La batalla rumbo a la presidencia de Estados Unidos está definida. Hillary Clinton ha hecho historia al convertirse en la primera mujer en obtener la candidatura presidencial de uno de los dos grandes partidos estadounidenses. Donald Trump, a su manera, también ha hecho historia: será el primer candidato presidencial abiertamente nativista. Políticos con ideas similares han ocupado cargos de importancia en la historia de Estados Unidos, como el senador Henry Cabot Lodge en los años veinte o el siniestro Huey Long, pero nadie con este calibre de prejuicio y, ahora, de cercanía con el poder en su máxima expresión.

La pregunta central ahora es no sólo si Trump puede triunfar, sino cuál será su estrategia para lograrlo. A la primera pregunta habría que responder con cautela. Lo más probable es que, incluso en un escenario que le favorezca, Trump enfrente serias dificultades para ganar. Su problema central tiene que ver con la demografía. Hasta hace algunos años, el voto de la mayoría blanca podía, prácticamente por sí solo, impulsar las aspiraciones de un candidato presidencial en Estados Unidos. Ahora ya no es así. Las llaves de la Casa Blanca pasan ahora también por las minorías: hispanos, afroamericanos, asiático-americanos. Hasta ahora, Trump ha basado su éxito en el favor electoral de hombres blancos sin educación universitaria. Aunque dentro de las primarias republicanas también conquistó otros grupos demográficos, está claro que Trump apela esencialmente a ese grupo de votantes, muchos de los cuales manifiestan un marcado desencanto con los modos tradicionales de la política, se dicen abandonados por la economía de su país y horrorizados por su transformación demográfica. Son votantes que no sólo quieren retomar la “grandeza” de su “América”; también quieren volver a ese tiempo en que el país era blanco, anglosajón y protestante. El aparente problema para Trump es que el pleno del electorado estadounidense no es lo mismo que el electorado republicano. En el segundo basta con hacerse del favor del voto blanco nativista y antisistema, en el primero es indispensable ampliar la base de electores.

Pero, insisto: esa conclusión optimista exige mesura. Primero, Hillary Clinton necesitará motivar el voto de las minorías para contrarrestar el posible éxito de Trump con su base de votantes blancos. No es un trámite automático. Por lo pronto, por ejemplo, los votantes jóvenes no parecen en absoluto entusiasmados con Clinton. El voto hispano tendrá que salir a votar como nunca antes y el voto afroamericano tendrá que mantener sus estándares tradicionales de apoyo para el candidato demócrata. Por otro lado, la teoría de que no existen suficientes votantes blancos para llevar a Trump hasta la Casa Blanca podría no ser enteramente precisa. Hace unos días, The Upshot, el extraordinario sitio de análisis estadístico del New York Times, compartió un estudio que revela que el electorado del 2012 fue más blanco y menos educado de lo que se había pensado.

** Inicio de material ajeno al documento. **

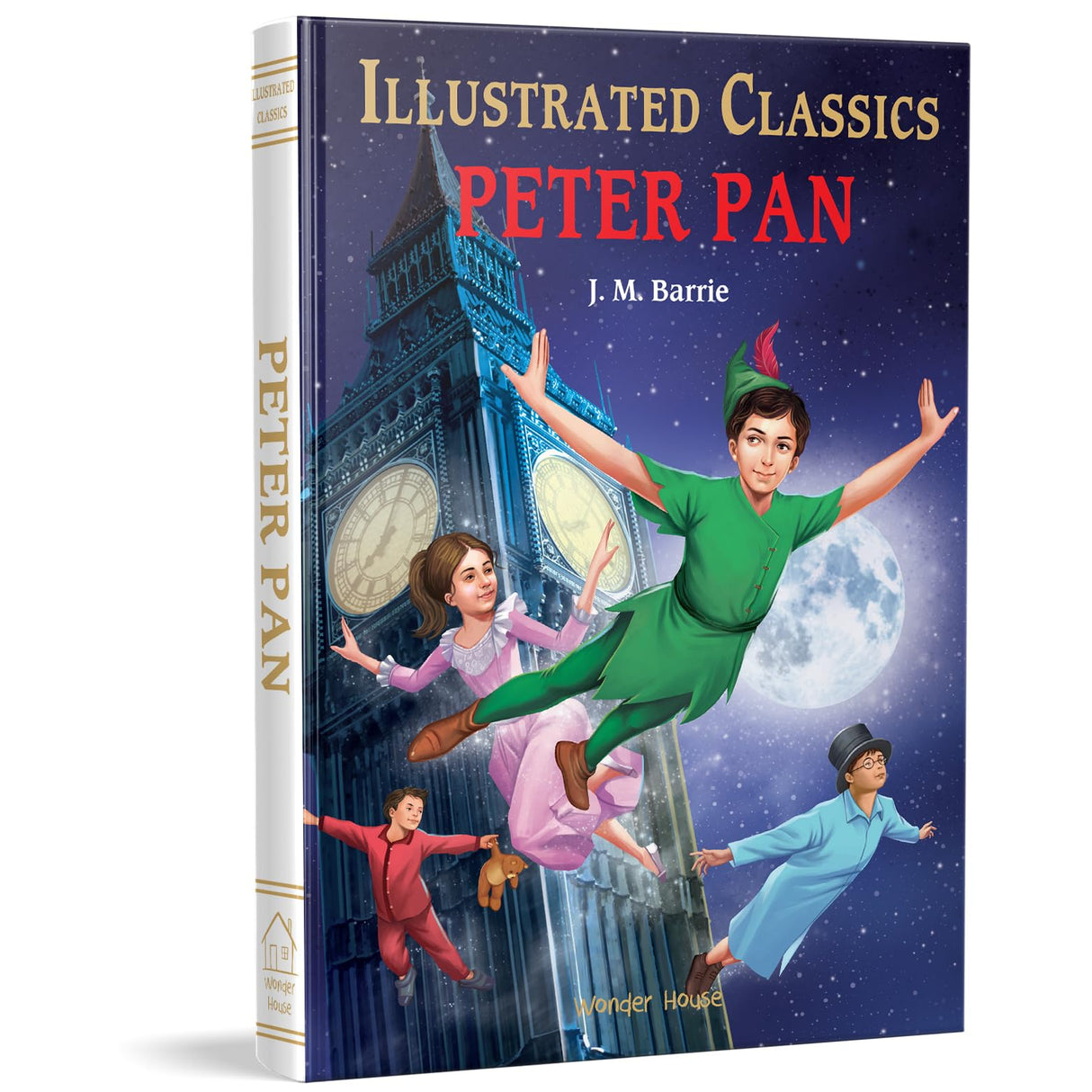 Peter Pan : Illustrated Abridged Children Classics English Novel with Review Questions - Retail Maharaj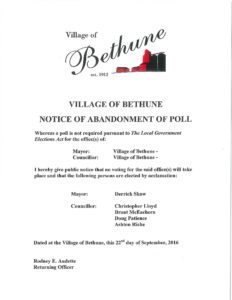 bethune-election-notice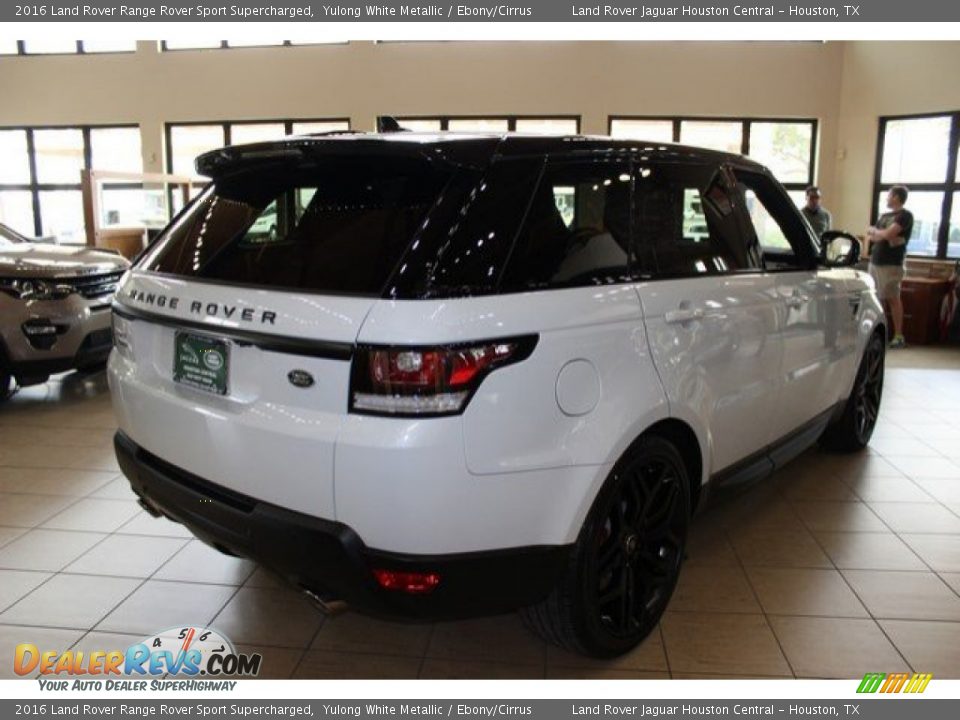 2016 Land Rover Range Rover Sport Supercharged Yulong White Metallic / Ebony/Cirrus Photo #9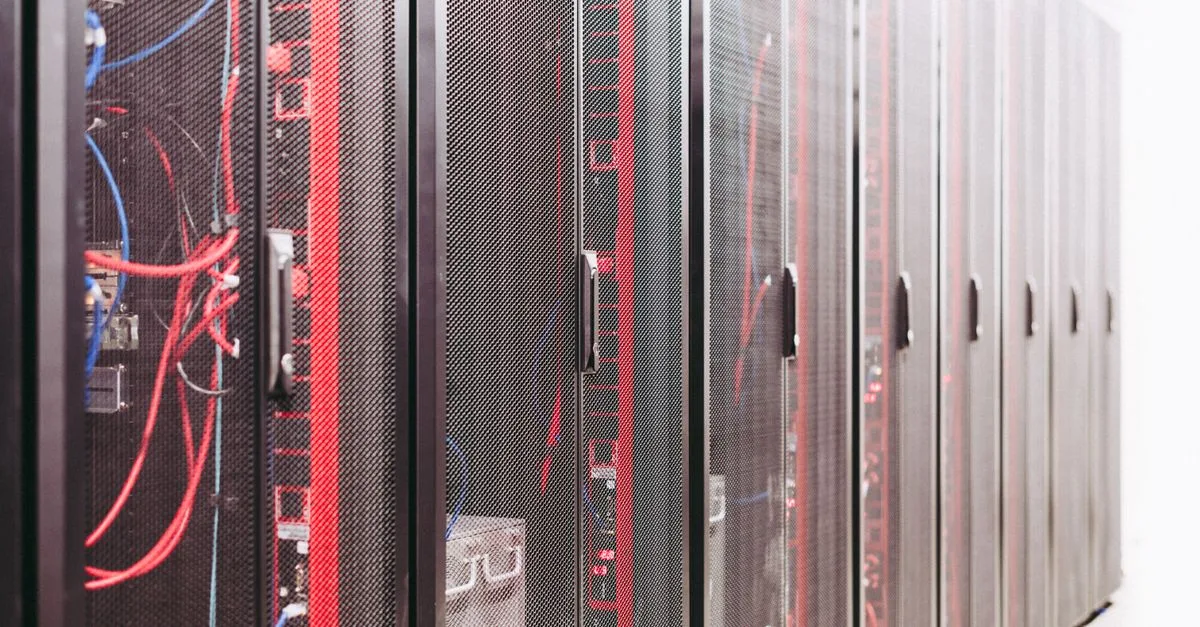 System with various wires managing access to centralized resource of server in data center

La estrategia de Trump parece contar con esta posibilidad. Tras ganar la candidatura republicana, Trump podía seguir uno de dos caminos: moderar su discurso para tratar de apelar a las minorías y los votantes independientes o mantener el tono acostumbrado, confiando en la fuerza de su base actual de votantes. Tradicionalmente, los candidatos republicanos han hecho lo primero. Trump, en cambio, parece empecinado en el segundo camino. En los últimos días ha vuelto a las andadas, tratando de descalificar a un juez federal por ser de origen mexicano o pertenecer a una organización de abogados hispanos. Para algunos, el exabrupto de Trump contra el juez Gonzalo Curiel ha sido incomprensible o reprobable. Estoy de acuerdo con lo segundo, pero ciertamente no con lo primero. Marcar distancias con un juez hispano, hundirlo en la otredad, en lo “no-estadounidense”, es perfectamente comprensible y congruente con la estrategia de Trump en los últimos meses. Lo mismo que criticar a los hispanos que ondean banderas mexicanas en protesta contra la candidatura de Trump. Todo es parte del discurso de antagonismo étnico y racial que tan buenos resultados le ha dado a Trump. Lo raro, pues, sería un cambio de estrategia, mucho más si la realidad insiste en regalarle pretextos para ejercer el prejuicio, como en el brutal ataque del fin de semana en Orlando. Así las cosas a cinco meses de la votación del 2016: si de verdad hay más votantes blancos a disposición de Trump, y si el candidato republicano logra entusiasmarlos con su mensaje nativista en lo social y populista en lo económico, la elección de noviembre podría tenernos reservada una amarga sorpresa.